Thirty-five minutes after it was due, the workboat arrived, and after the skipper picked-up a giant squid from a fishing boat, he deposited us at the foot of a ladder at the end of the pier, and we walked to the head, where we were to meet Liliana. While Edi waited there, I headed to the Capitania to tender the report, and was told they would compose an official letter to attach to it, which would take half an hour. I could wait or come back, so I headed back over to the pier to join Edi in waiting for Liliana's 1000 rendezvous with us. Shortly after 1100, with still no Liliana, we went back over to the Capitania to pick-up my copy of the 'official' signed and stamped letter and attached report.
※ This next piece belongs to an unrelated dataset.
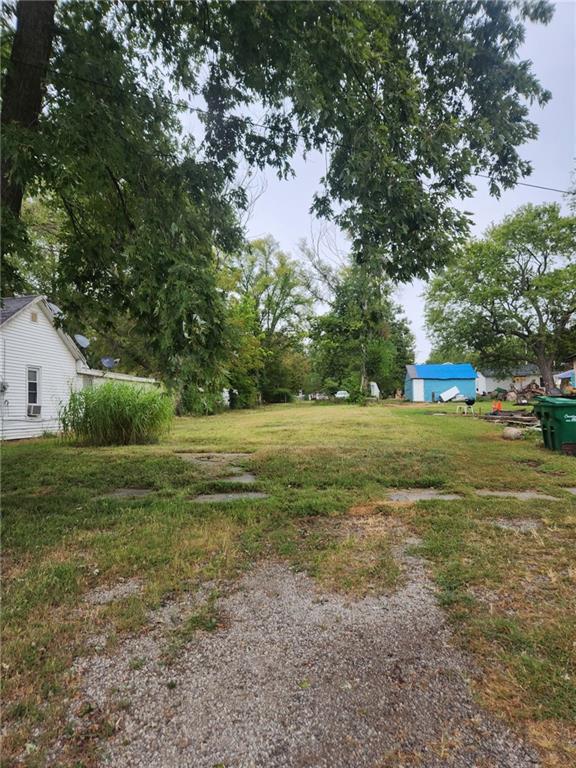 309 S Main St, Butler, MO 64730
We then walked over to the APN office to see whether the form from the previous afternoon and evening had finally been printed. The uniformed minion phoned Liliana for us, and shortly Santiago arrived and with him we jostled up the hill in a motocab to Liliana's office, where she was in the throes of creating even more paperwork on our behalf. As we waited, Liliana's son, Felix came out to the office from the back of the house, and was introduced to us.
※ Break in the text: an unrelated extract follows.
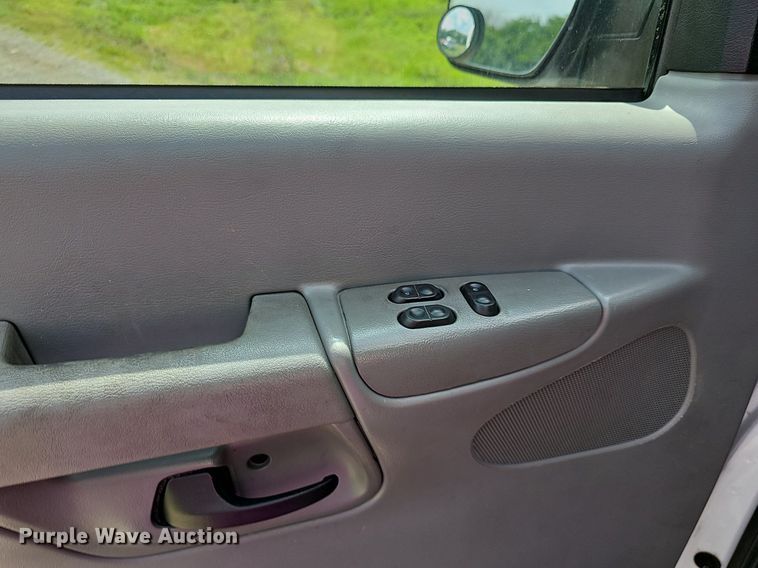 image for item DN8612 2007 Ford E350 Super Duty XL  van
Felix is 23 years old and is part-way through an engineering degree in computer science at the University in Piura, 50 or so kilometres inland from Paita. At the same time, he is teaching IT programs. His English is limited, but we were able to carry-on a very pleasant discussion with him while Liliana worked at the computer. He is a highly enthusiastic and spirited young man, with a gentle soul; it was refreshing to meet him.

The previous day we had told Liliana that we needed to buy fresh produce, and she said she would take us to the local market. So, after she had finished her latest paperwork, Edi and I piled into a motocab with her and we were off on another race through the streets. We bounced up a street lined with non-stop rows of ramshackle market stalls for what seemed half-a-kilometre, and then we turned into a narrow lane lined with slightly less flimsy stalls and corrugated tin roofs. We passed a couple of obvious entrances, and stopped at a third.


Liliana told us to sling our backpacks around to the front and hold them tightly as she led us into the market. She took us past many fruit stalls without stopping or even slowing, and then presented us at the front of a very nice selection. With the assistance of her translation, the stall owner dug-out firm, slightly green produce from under the tables and we had soon built a substantial pile of avocadoes, mangos, kiwis, mandarins, miniature bananas and a nice big papaya, The total came to 11 Soles, about $4.


Liliana then led us through the passages to another 'building' that appeared to be mostly vegetable stalls. We bypassed dozens of nice looking ones before she brought us to a halt in front of her favourite. Again she engaged the owner to assist us in picking-out a nice selection, including carrots, tomatoes, green and red peppers, peas in the pod and a couple of varieties of small new potatoes. He threw in a couple of small red peppers, and when I asked him if they were caliente, he nodded, but indicated not excessively so.

We loaded ourselves and our produce into a motocab and trundled back down the hill, and across and up to Liliana's office, where we picked-up some documents and bounced our way back down to the APN office. Liliana took the now finally printed form from the previous afternoon and evening's episode and sat at an office computer apparently to generate and print yet another document from it. This was duly signed and stamped.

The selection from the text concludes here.